From January 2022 to May 2023, 165,000 cattle died
Almost 10 months since an indigenous vaccine for lumpy skin disease was released by the government, its final approval with the regulatory authorities was still pending, even as there are reports of new cases of the disease in the last two months.
In 2022, the Indian Council of Agricultural Research-National Research Centre on Equines (ICAR-NRCE) in Hisar, Haryana collaborated with ICAR-Indian Veterinary Research Institute in Izatnagar, Uttar Pradesh to develop Lumpi-ProVacInd. It was India’s first (indigenous) homologous live-attenuated lumpy skin disease (LSD) vaccine made by using a local LSD virus strain from Ranchi.
The technology was released by the Union Agriculture Minister Narendra Singh Tomar and Union Animal Husbandry and Dairying Minister Parshottam Rupala on August 10, 2022.
The vaccine was commercialised to at least four vaccine manufacturers, including Biovet Pvt Ltd, Bengaluru, Indian Immunological Limited, Hyderabad, Hester Biosciences, Ahmedabad and the Institute of Veterinary Biological Products, Pune.

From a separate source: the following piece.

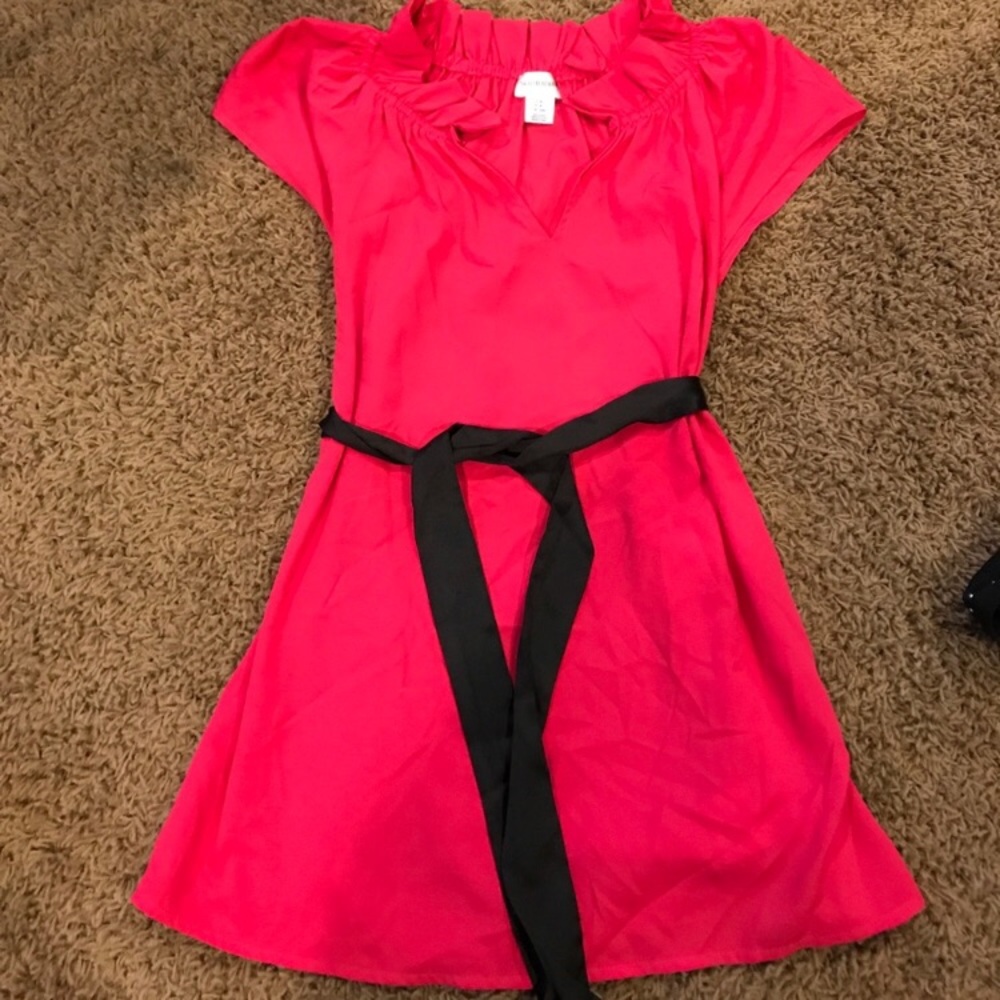 Motherhood Maternity Pink Top with Black Belt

The test batches produced by the vaccine manufacturer(s) were again tested for sterility, potency, safety and efficacy, according to the Central Drugs Standard Control Organisation (CDSCO).
But since then, the final approval has been pending with the CDSCO and the Department of Animal Husbandry and Dairying.
LSD virus is a poxvirus that belongs to the same genus as sheep pox and goat pox viruses. It spreads through blood-sucking insects like mosquitoes, flies and ticks as well as through saliva and contaminated water and food.
The disease is characterised by 2-5 cm-wide nodules that appear all over the body, particularly around the head, neck, udders and genitals. The lumps open up into large, deep wounds.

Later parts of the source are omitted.